Problem: Below are some entries; reproduce them exactly and leave every picture out.

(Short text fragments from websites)
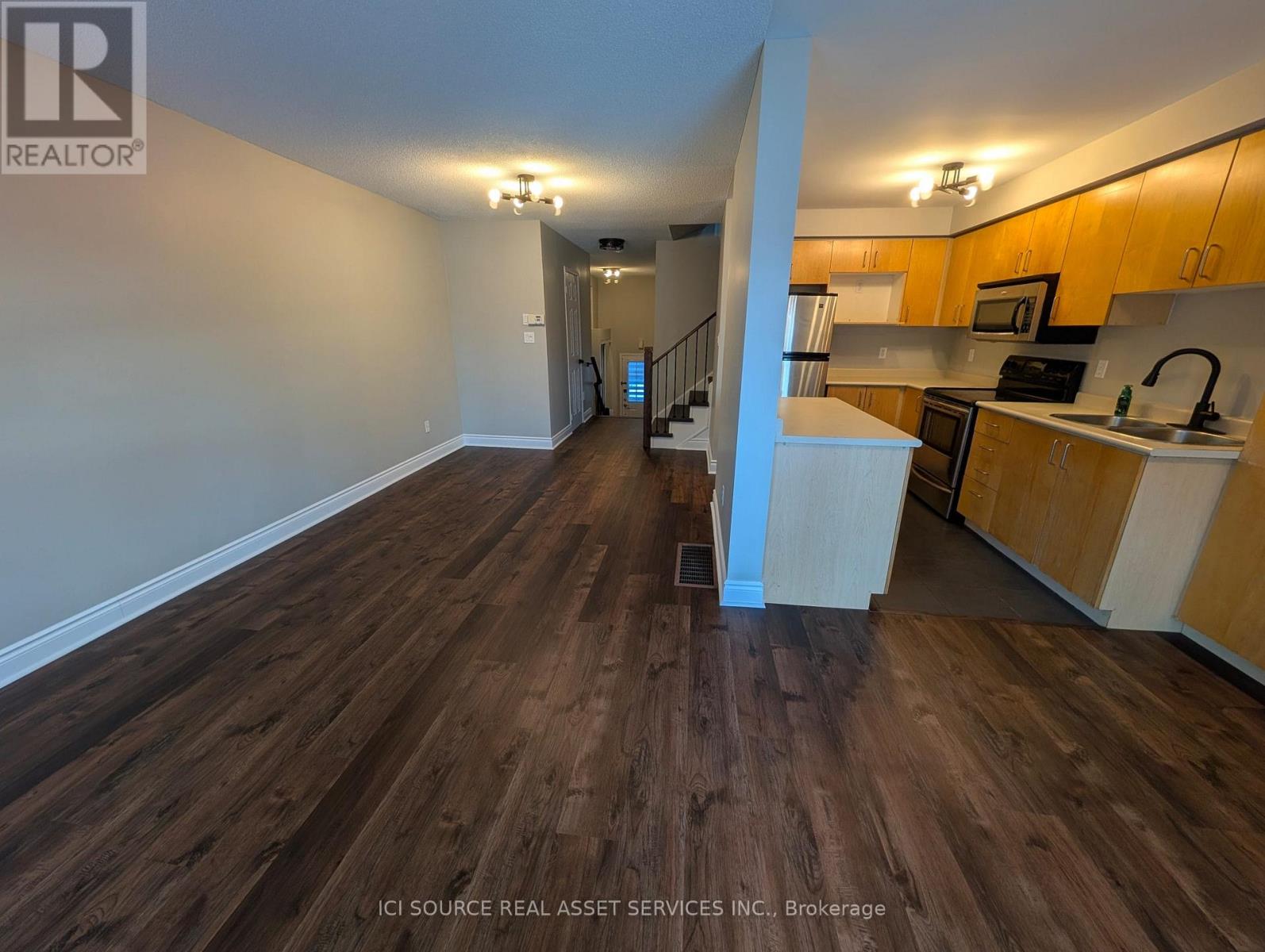 21 - 1480 Britannia Road W, Mississauga, Ontario  L5V 2K4 - Photo 8 - W12778152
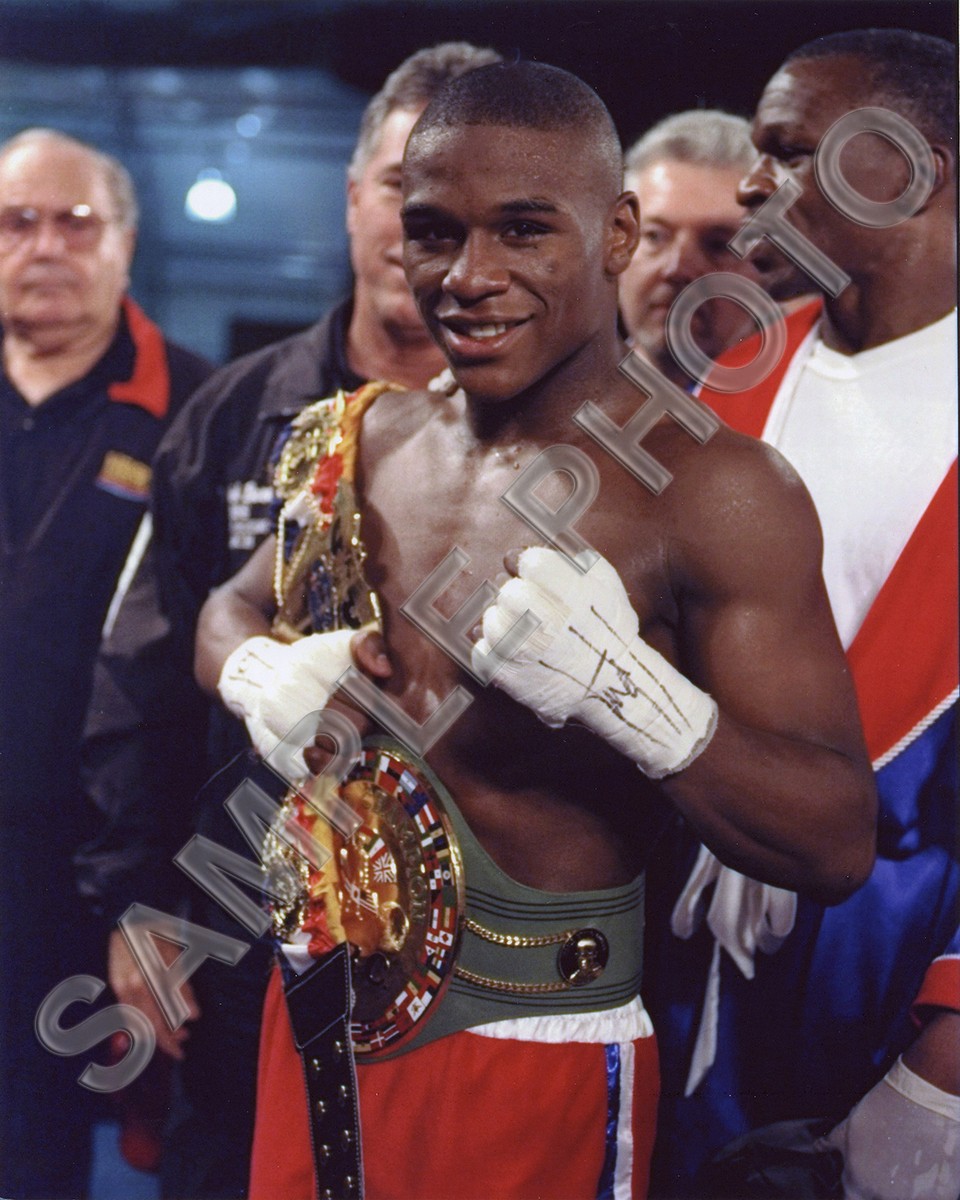 FLOYD MAYWEATHER BOXING 8x10 PHOTO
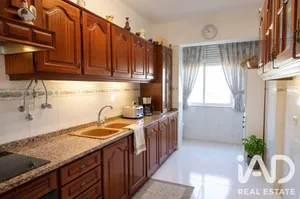 Apartment  in Linda-a-Velha
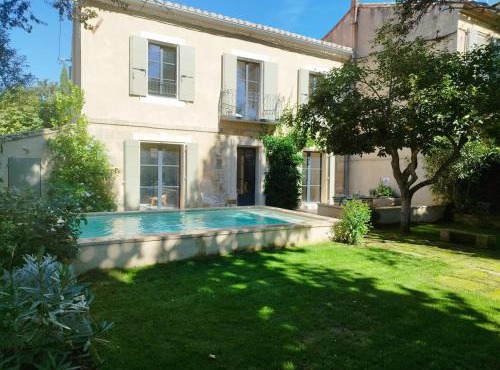 Mas provençal avec piscine au coeur de Fontvieille
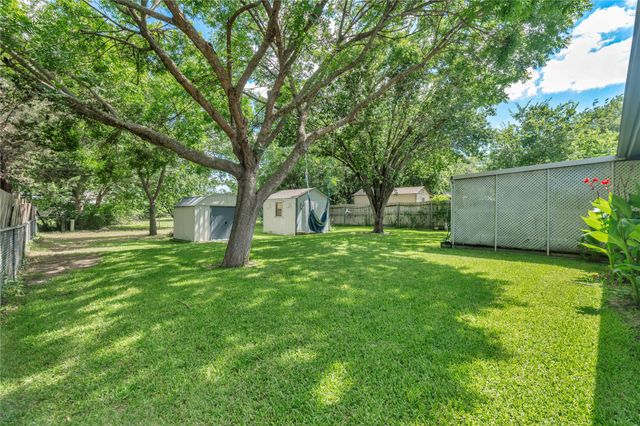 1008 Westminister Court, Arlington, TX 76015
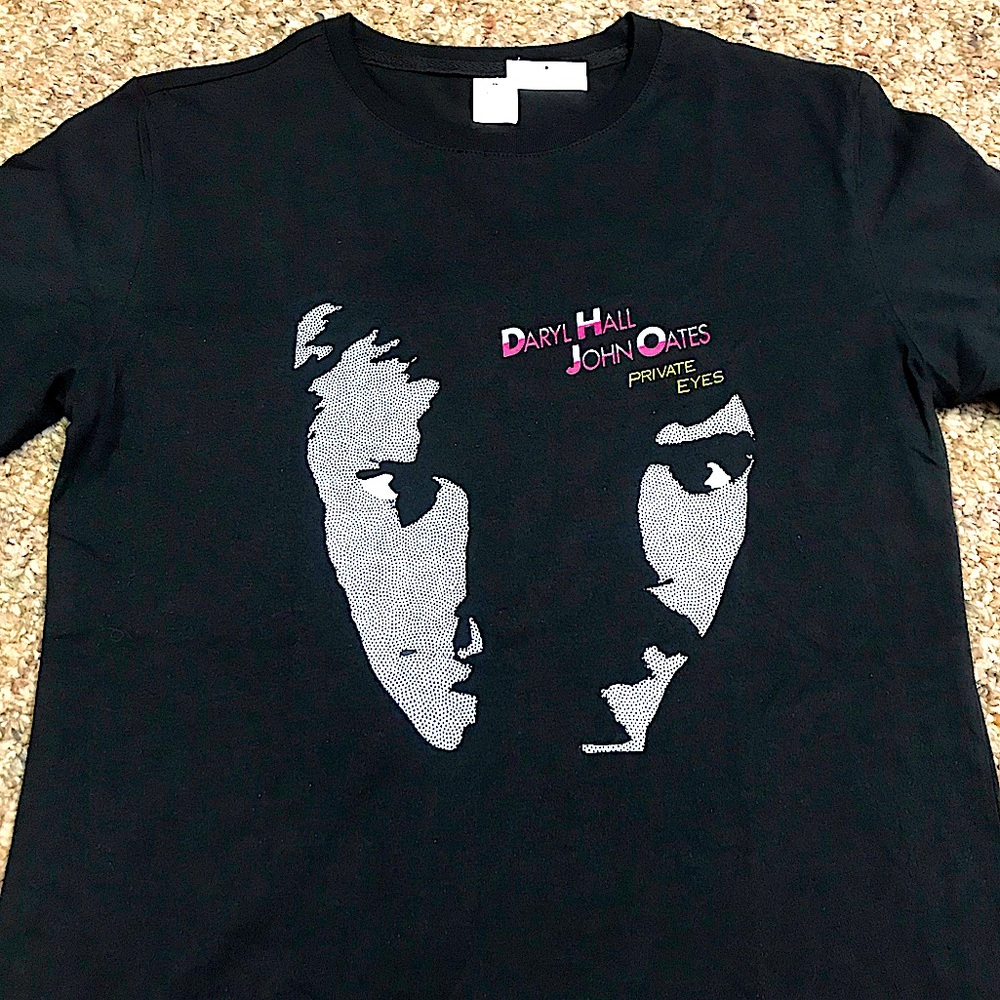 🎸 Hall & Oates Classic Rock Private Eyes Song Lyric Tee Shirt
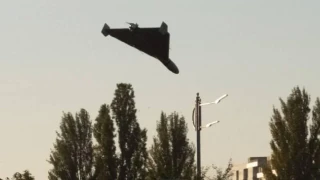 �ran ordusu, Bahreyn'de bulunan �eyh �sa Hava �ss�'ndeki ABD hedeflerini vurdu�unu duyurdu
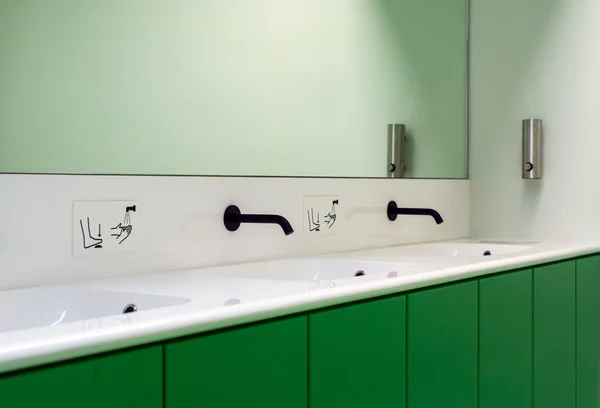 Tükör és nyilvános fürdőszoba csaptelep. — Stock Fotó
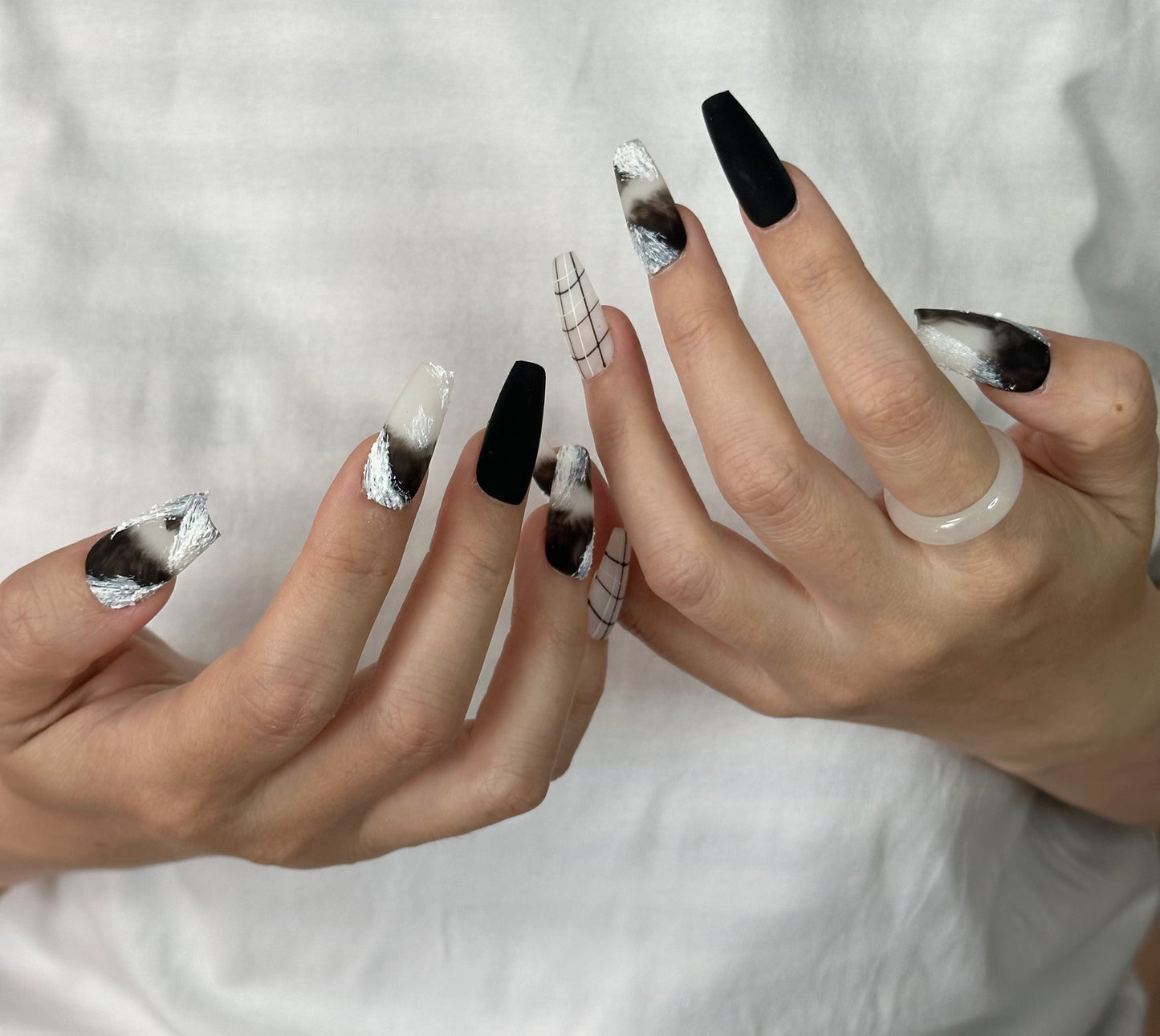 Obsidian Gypsum Handmade Mid-Trapezoid Press-On Nails | Subtle Elegance in Matte Black and Silver | Perfect for Autumn & Winter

Exercise result:
 21 - 1480 Britannia Road W, Mississauga, Ontario  L5V 2K4 - Photo 8 - W12778152
 FLOYD MAYWEATHER BOXING 8x10 PHOTO
 Apartment  in Linda-a-Velha
 Mas provençal avec piscine au coeur de Fontvieille
 1008 Westminister Court, Arlington, TX 76015
 🎸 Hall & Oates Classic Rock Private Eyes Song Lyric Tee Shirt
 �ran ordusu, Bahreyn'de bulunan �eyh �sa Hava �ss�'ndeki ABD hedeflerini vurdu�unu duyurdu
 Tükör és nyilvános fürdőszoba csaptelep. — Stock Fotó
 Obsidian Gypsum Handmade Mid-Trapezoid Press-On Nails | Subtle Elegance in Matte Black and Silver | Perfect for Autumn & Winter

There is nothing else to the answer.